3)   Do project accounting procedures and controls include the following?
a)   Engaging a qualified employee or independent firm to inspect and monitor technically complex projects?
b)   Establishing and maintaining project cost records for capital expenditure and repair projects?
c)   Reporting procedures for in-progress and completed projects?
d)   Procedures to identify completed projects, so timely transfers to the appropriate account can be made?
e)   Review of the accounting distribution to ensure proper allocation of charges to capital asset and expenditure projects?
f)    If construction work is performed by contractors, procedures to provide for and maintain control over construction projects and progress billings?
g)   Exercising the right to audit contractor records during project performance?
h)   Audits of contractor compliance with Equal Employment Opportunity (EEO), Davis-Bacon (Act), and other regulations and contract terms, in addition to costs?

4)   Do asset accountability procedures and controls include the following?
a)   Detail property records for all significant self-constructed, donated, purchased, or leased assets?
b)   Accountability for each asset?
c)   Periodic inventory of documents evidencing property rights (ie; deeds, leases, etc.)?
d)   Physical safeguards over assets?
e)   Ensuring purchased materials and services for capital expenditure and repair projects are subjected to the same levels of controls as exist for all other purchases (receiving, approval, checking, etc.)?
f)    Periodically comparing detail property records with existing assets?
g)   Investigating differences between records and physical counts and adjusting the records to reflect shortages?
h)   Ensuring capital assets are adequately insured?
i)    Subjecting lease transactions to control procedures similar to those required for other capital expenditures?
j)    Properly identifying equipment by numbered tags or other means of positive identification?
k)   Carrying fully depreciated assets in the accounting records as a means of providing accounting control?

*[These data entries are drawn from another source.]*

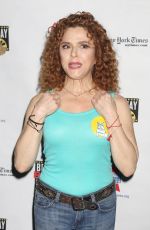 BERNADETTE PETERS at 19th Annual Broadway Barks Animal Adoption Event in New York 07/08/2017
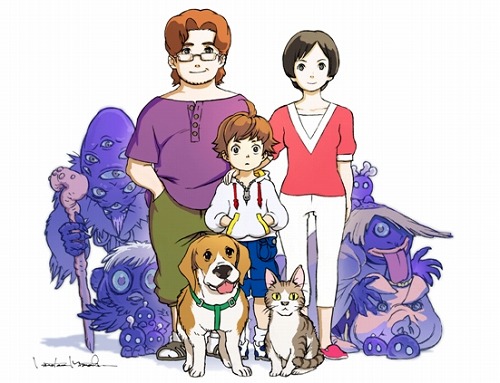 画像ギャラリー No.001のサムネイル画像 / 郷愁を誘う独特の雰囲気が魅力的な「サクラノート 〜いまにつながるみらい〜」開発者インタビュー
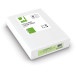 Q-CONNECT papier reprographique couleur, A4, 80g, paquet de 500 feuilles, vert clair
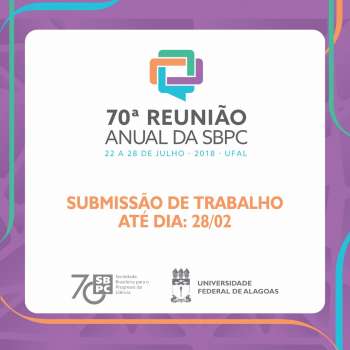 70ª Reunião anual da SBPC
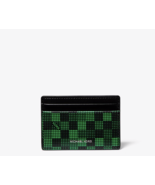 MICHAEL KORS MK Authentic Graphic Check Card Case W ID Window NWT - $42.31 CAD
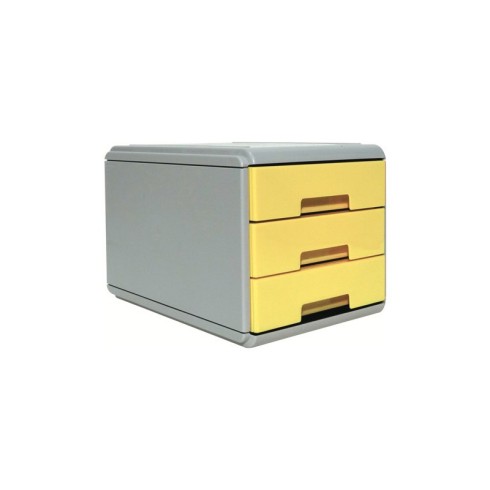 Cassettiera Arda Pastel  Mini Giallo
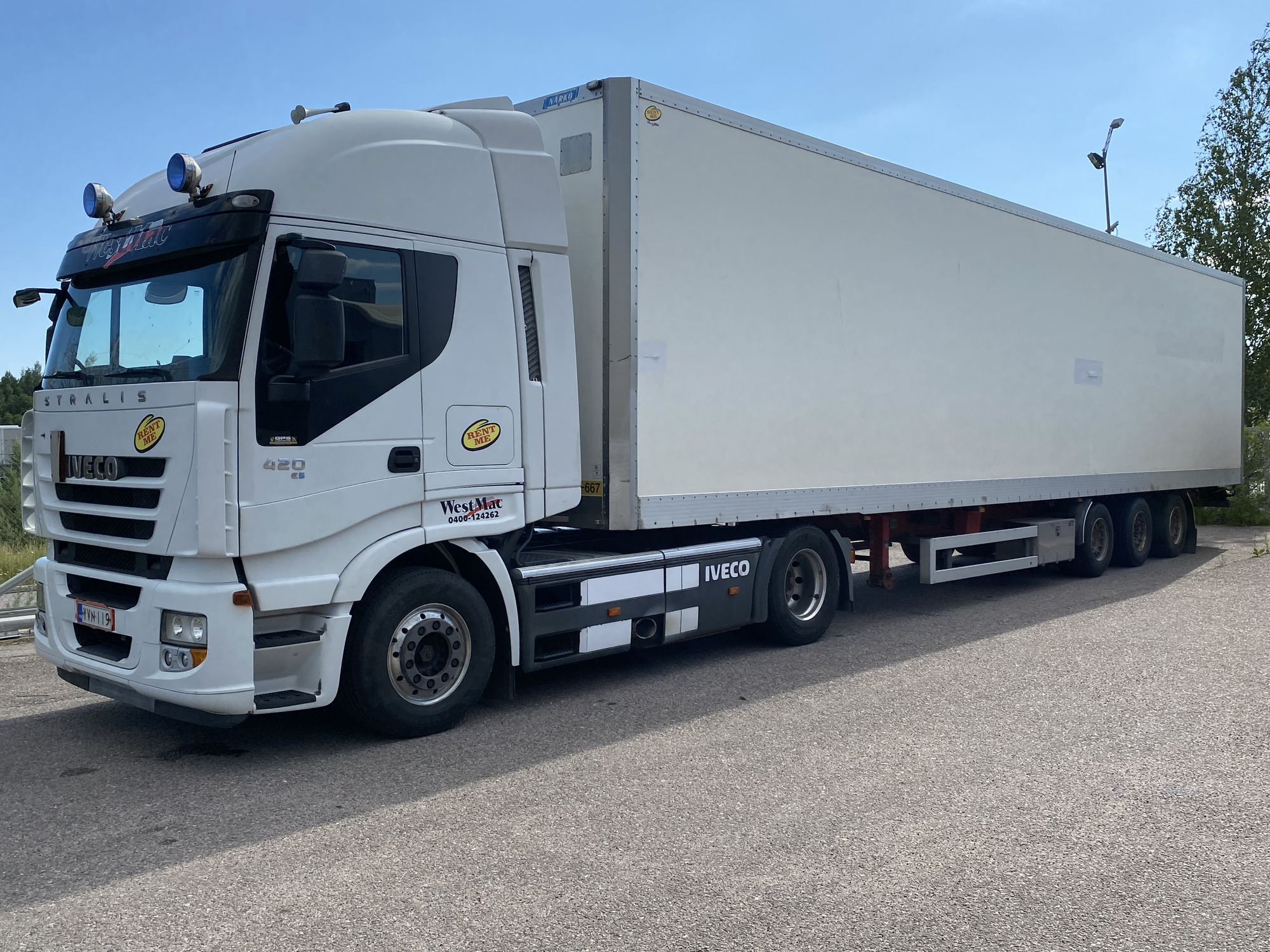 Westmac Oy - Camiones RENAULT - Euro 3, diésel undefined: foto 1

l)    Monitoring the appropriate disposition of property acquired with grant funds?
5)   Do general ledger procedures include the following?
a)   Periodic reconciliation of the detail property records with the general ledger control accounts?

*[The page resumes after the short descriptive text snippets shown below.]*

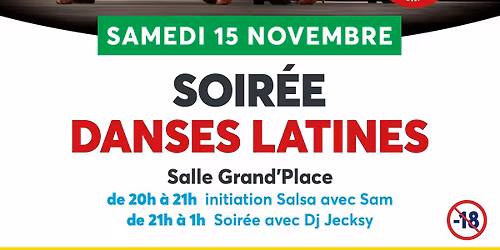 Soir\u00e9e danses latines SBK au Casino de Boulogne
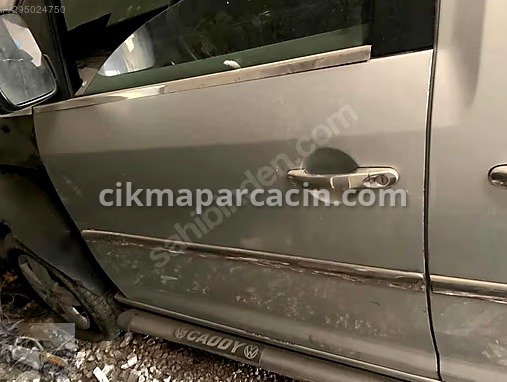 Volkswagen Caddy Bagaj Kapağı çıkma parça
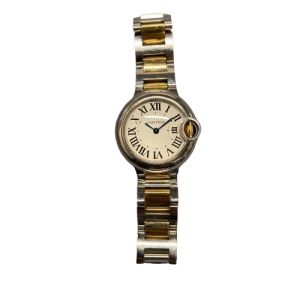 Cartier カルティエ バロンブルーSM 時計 SS/YG W6900723の買取実績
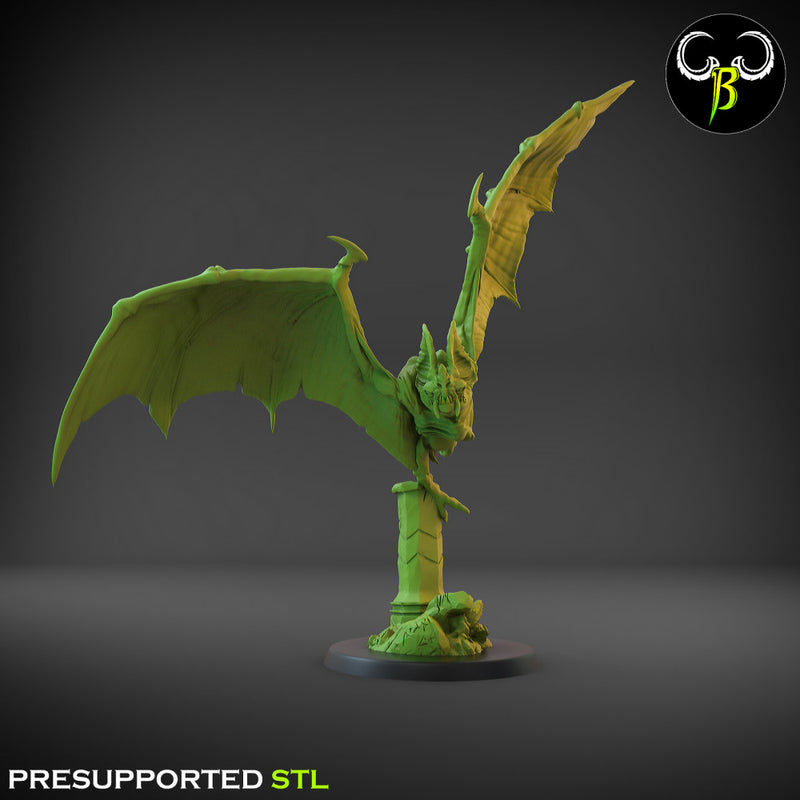 Flying Terrors Set A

b)   Accounting records, controls, and procedures to:
c)   Distinguish between capital-projects fund expenditures and operating budget expenditures?
d)   Identify operating budget expenditures to be capitalized as capital assets?
e)   Distinguish between capital and operating leases?
f)    Govern depreciation methods and practices?
g)   When costs are charged against federal grants, depreciation policies or methods of computing allowances in accordance with standards outlined in OMB circulars or grantor agency regulations?
h)   When costs are not charged against federal grants, depreciation charged to grants should be adjusted accordingly?
i)    Are the accounting records adjusted promptly (both the asset and related allowance for depreciation) when items of plant and equipment are retired, sold, or transferred?